IÑAKI EZKERRA-EL CORREO

  • Lo de la ‘Libertad duradera’ era un envoltorio publicitario de legitimidad moral

Biden ha dicho que «la misión de EE UU en Afganistán nunca fue crear una democracia». Biden no parece acordarse de que, cuando se inició esa misión y no otra, hace ahora veinte años, se llamó ‘Libertad duradera’. De acuerdo; un nombre tan campanudo debía inspirar desde el principio serias sospechas. Y las inspiró de hecho. No hacía falta ser un mal pensado izquierdista para reparar en las ricas reservas que hay en esa región de petróleo, gas natural, cobalto, litio, oro, zinc, cromo, plomo… Hasta el neoliberal menos sospechoso de antiamericanismo sabía que a Bush II la libertad, duradera o efímera, en Kabul o en Washington, le importaba un huevo. Todo terrícola medianamente informado podía entender que el sentido que tenía el envío de tropas a tierra afgana, además de la codicia explotadora, era generar una sensación de seguridad en el ciudadano medio norteamericano a la par que mantener el estatus imperial y arbitral del Globo de cara tanto a la galería interna como a la externa del país. Lo de la ‘Libertad duradera’ era un simple envoltorio publicitario de legitimidad moral para esos intereses y una invitación a la cínica lectura entre líneas del espectador europeo, que veía, así, garantizada su seguridad tanto como el americano, pero con un buen paquete de ventajas: desde la buena conciencia al mínimo coste político, militar y económico que suponía un envío de efectivos de defensa puramente testimonial y moralmente presentable en su presunto objetivo pacificador y humanitario. Dicho de otro modo, tanto a Bush como a sus sucesores les tocaba la cara de perro (no olvidemos que Bin Laden murió en Pakistán por orden de Obama) mientras Europa se permitía jugar al buenismo.

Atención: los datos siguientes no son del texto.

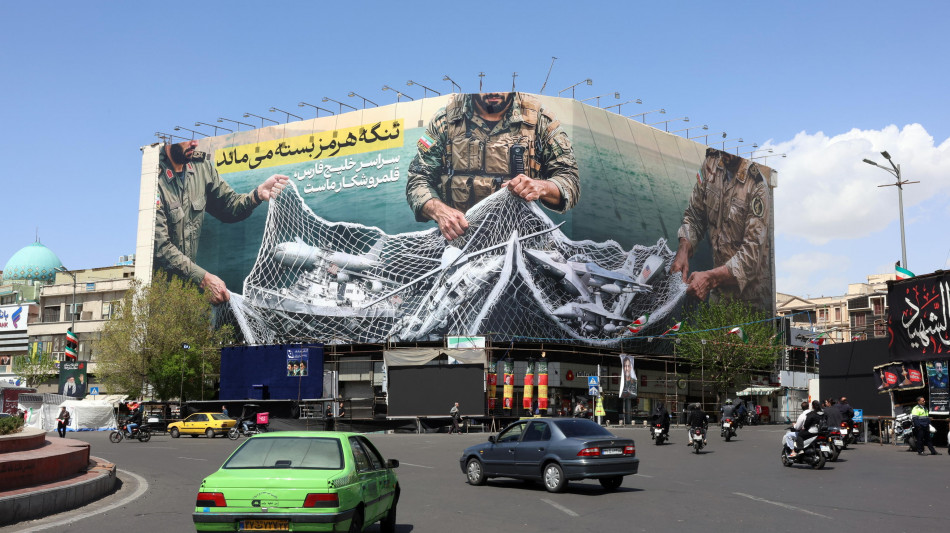 Pasdaran, 'stiamo ricostruendo pi&ugrave; missili e droni durante la tregua'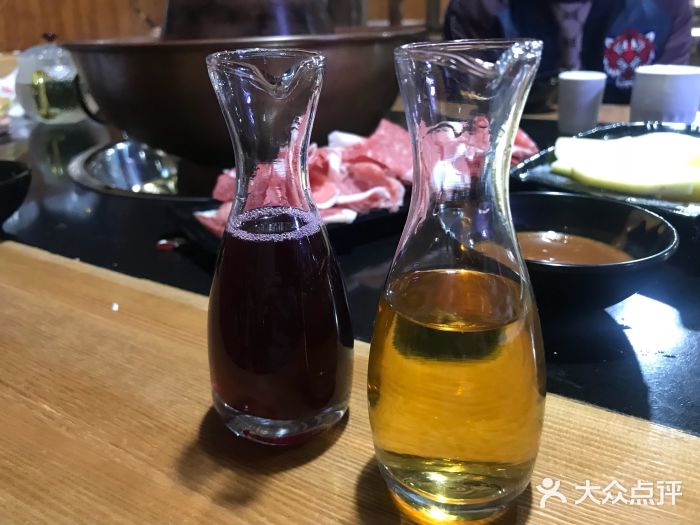 果松木炭酸菜铜火锅·外婆参鸡汤图片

Lo que nos acaba de suceder, tras dos décadas de vida relativamente segura gracias al barato gendarme americano, es que este ha hecho sencillamente cálculos en su bolsillo. Si Obama fue un continuista de Bush en la política de Defensa, Biden lo es también del Trump que pactó en Doha con los talibanes, allá por febrero de 2020, el compromiso de que no atentarían contra EE UU, a la manera en que Carod-Rovira negoció en Perpiñán con ETA, a inicios de 2004, una tregua en exclusiva para Cataluña. Algo, en efecto, no presentable. Como tampoco lo es que, mientras EE UU permanecía en Afganistán, Cataluña albergara 256 mezquitas, la tercera parte de ellas salafistas, o que el Gobierno balear planeara implantar en los colegios la religión islámica como asignatura.

Biden se va de Afganistán, pero se va tranquilo. Sabe que el carajal que deja atrás tiene solución: el manifiesto del Gobierno Sánchez a favor de la mujer afgana. En cuanto lo lean, los talibanes caerán muertos. De risa, claro.